Final thoughts
18 AMD's cleaver
In an inevitable move of saturating the discrete graphics-card market with 5-series GPUs, AMD has launched the Radeon HD 5770 and HD 5750 cards, to be etailed, at launch, by a range of partners at £125 and £109, respectively.
AMD's taken top-of-the-range HD 5870/50 architecture and cleanly cleaved it into two, creating mid-range cards that are relatively inexpensive to produce when pitted against the incumbent competition from both its own 4-series Radeon range and, looking across, NVIDIA's GTX/GTS GPUs.
Radeon HD 5770 1,024MB
In the case of the Radeon HD 5770 1,024MB, the straight-down-the-middle chop results in a card that benchmarks below the level of a GeForce GTX 260 896MB or Radeon HD 4870 512MB yet comes in at the same etail price of around £125.
Pulling no punches, we're a touch disappointed that AMD has cut so much off the new '70 card, but such is the nomenclature that it paves the way for an HD 5790, helping bridge the gap between the HD 5770 and HD 5850.
There are a number of compelling reasons as to why AMD/ATI hasn't gone for a better-performing design here, though. Radeon HD 4870/50 will soon disappear off the catalogues, making the '70-to'70 comparison moot, and architecting a mid-range card with such a relatively small die - 180mm²-190mm² - means that the Radeon is, importantly, quids-in when thrown up against big, chunky, expensive-to-fabricate GeForce GTX 260 - its direct competitor.
NVIDIA and its partners cannot afford to keep dropping the price on the expensive GTX GPUs to attract custom: a fact that's well known within AMD.
Yet a modern graphics card is more than just a pusher of fps.

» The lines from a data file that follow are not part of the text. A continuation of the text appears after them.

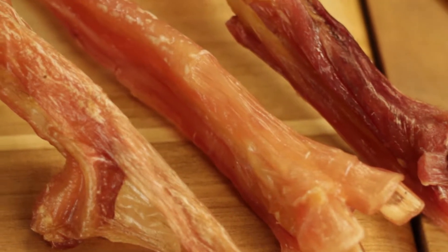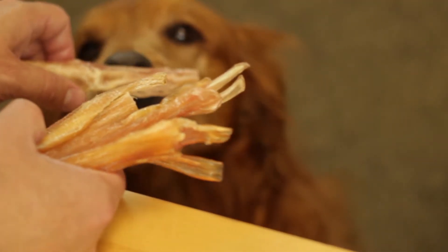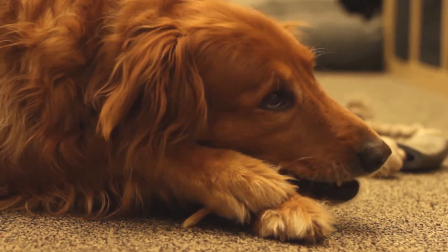These are 100% beef tendons. They're low in fat, high in protein, and made from one single ingredient. Tendons are a very digestible chew. They're a good recommendation for dogs with sensitive stomachs, or even puppies or older dogs.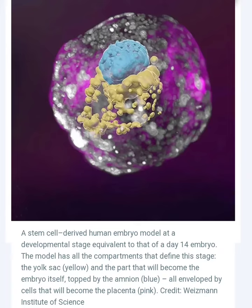However, there are also some ethical concerns associated with the use of these models. Some people believe that it is wrong to create models of human embryos, even if they are not identical to real embryos. Others are concerned about the potential for these models to be used for research that could harm embryos. These are complex ethical issues that need to be carefully considered. However, the potential benefits of using models of human embryos from stem cells cultured in the lab are great, and it is likely that these models will become increasingly important in the future.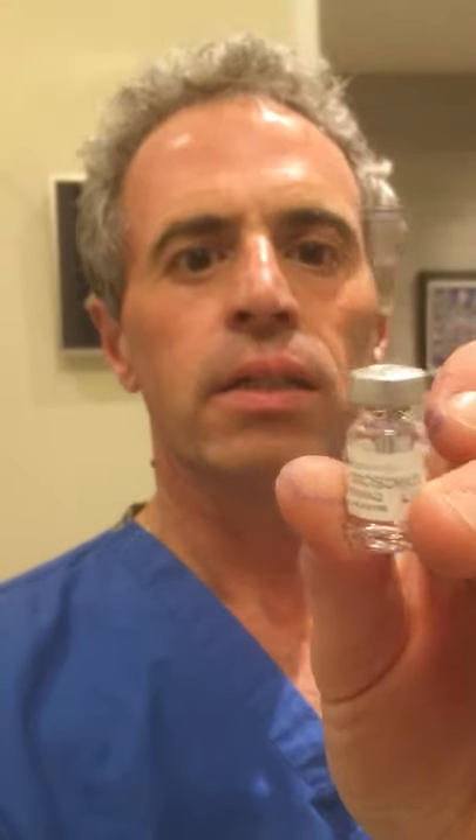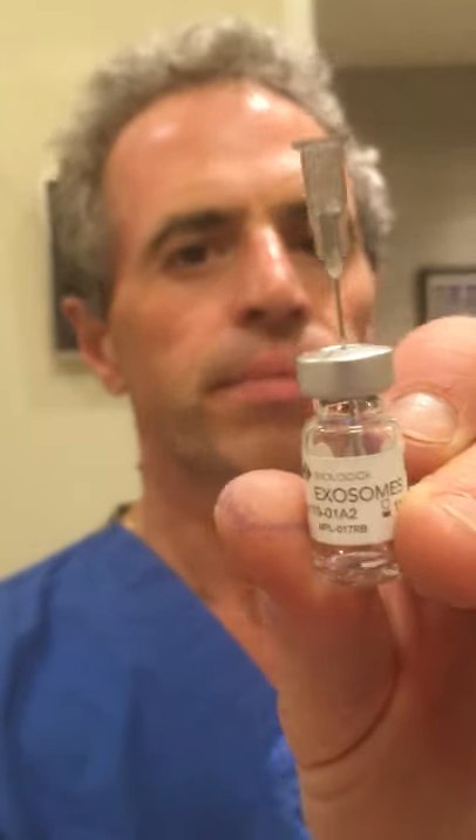Hi, this is Dr. Koppel. I just want to show you guys that I practice what I preach. I've just injected my ankle with approved exosomes. Exosomes are extracellular vesicles that are derived from mesenchymal stem cells and they're great for regeneration of tissue and reducing inflammation.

Radeon HD 5770 carries all the multimedia qualities of the high-end cards introduced a few weeks' ago, including Eyefinity multi-monitor goodness, bitstream audio, and excellent power-draw credentials. Then there's full DX11 compliance, lest you forget.
Radeon HD 5750 1,024MB
A direct derivation of Radeon HD 5850, the cheaper mid-range card performs a little better than a GeForce GTS 250.

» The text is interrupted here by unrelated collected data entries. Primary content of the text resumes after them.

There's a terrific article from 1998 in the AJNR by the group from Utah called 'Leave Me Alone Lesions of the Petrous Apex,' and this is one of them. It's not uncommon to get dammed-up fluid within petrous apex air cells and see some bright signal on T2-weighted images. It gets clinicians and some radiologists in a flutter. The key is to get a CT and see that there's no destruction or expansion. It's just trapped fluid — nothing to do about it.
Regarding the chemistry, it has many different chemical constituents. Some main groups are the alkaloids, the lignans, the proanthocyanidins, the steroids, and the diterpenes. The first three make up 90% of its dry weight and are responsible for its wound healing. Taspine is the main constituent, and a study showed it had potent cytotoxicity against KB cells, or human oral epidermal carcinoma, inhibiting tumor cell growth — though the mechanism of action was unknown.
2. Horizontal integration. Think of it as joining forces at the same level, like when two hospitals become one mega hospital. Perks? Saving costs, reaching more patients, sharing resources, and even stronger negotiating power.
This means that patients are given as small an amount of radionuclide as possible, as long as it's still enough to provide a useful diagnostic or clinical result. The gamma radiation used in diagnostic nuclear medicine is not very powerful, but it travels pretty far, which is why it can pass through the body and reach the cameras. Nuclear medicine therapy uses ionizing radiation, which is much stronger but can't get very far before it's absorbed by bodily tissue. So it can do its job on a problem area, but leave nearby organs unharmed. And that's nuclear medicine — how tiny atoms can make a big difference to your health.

The £109 offering is able to run most games at 1,920x1,200 with decent image quality and, like the HD 5770, offers a better feature-set alongside older-generation-matching performance.

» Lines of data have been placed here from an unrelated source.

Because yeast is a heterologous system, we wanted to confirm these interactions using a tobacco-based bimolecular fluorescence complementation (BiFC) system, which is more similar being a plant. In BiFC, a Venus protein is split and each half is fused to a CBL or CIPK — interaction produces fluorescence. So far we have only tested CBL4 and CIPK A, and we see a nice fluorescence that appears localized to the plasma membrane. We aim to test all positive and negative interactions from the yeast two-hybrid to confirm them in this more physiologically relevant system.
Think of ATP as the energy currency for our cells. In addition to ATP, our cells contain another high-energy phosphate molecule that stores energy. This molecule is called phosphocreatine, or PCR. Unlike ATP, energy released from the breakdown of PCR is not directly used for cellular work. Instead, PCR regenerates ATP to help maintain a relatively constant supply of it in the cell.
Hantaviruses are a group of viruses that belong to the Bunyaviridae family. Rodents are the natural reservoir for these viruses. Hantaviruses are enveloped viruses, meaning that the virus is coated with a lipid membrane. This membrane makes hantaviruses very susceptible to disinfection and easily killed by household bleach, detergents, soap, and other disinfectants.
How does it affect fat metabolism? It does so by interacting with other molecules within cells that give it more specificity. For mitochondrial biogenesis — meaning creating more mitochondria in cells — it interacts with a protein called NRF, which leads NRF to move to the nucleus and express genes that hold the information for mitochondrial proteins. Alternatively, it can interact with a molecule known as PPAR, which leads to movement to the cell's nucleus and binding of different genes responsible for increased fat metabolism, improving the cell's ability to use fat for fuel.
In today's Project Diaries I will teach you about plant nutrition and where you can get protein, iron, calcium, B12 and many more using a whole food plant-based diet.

We're concerned that the introductory UK price is too high for a card that's often trounced by the equivalent-costing HD 4870. AMD and its partners really need to push it below £100 if it's to make a whole lot of sense.
The bottom line
The release of these new GPUs shows us that AMD is confident that arch-rival NVIDIA isn't going to raise the mid-range performance bar - be it fps or features - anytime soon. This is why Radeon HD 5770/50 don't beat older cards which now come in at the same (or lower) price point. Truth is, they don't have to, and that's a little worrying for the consumer.
Focussing on features more than performance, the Radeon HD 5770 and HD 5750 are solid cards with most of the bases covered. We find it difficult to recommend them to anyone who already owns a Radeon 48x0 or GeForce GTX GPU, but, on balance, there is intrisic merit in both, especially as prices begin to settle down. Users with older graphics cards should, we believe, look at AMD's ATI Radeon 5000-series in preference to last year's price-reduced technology, though.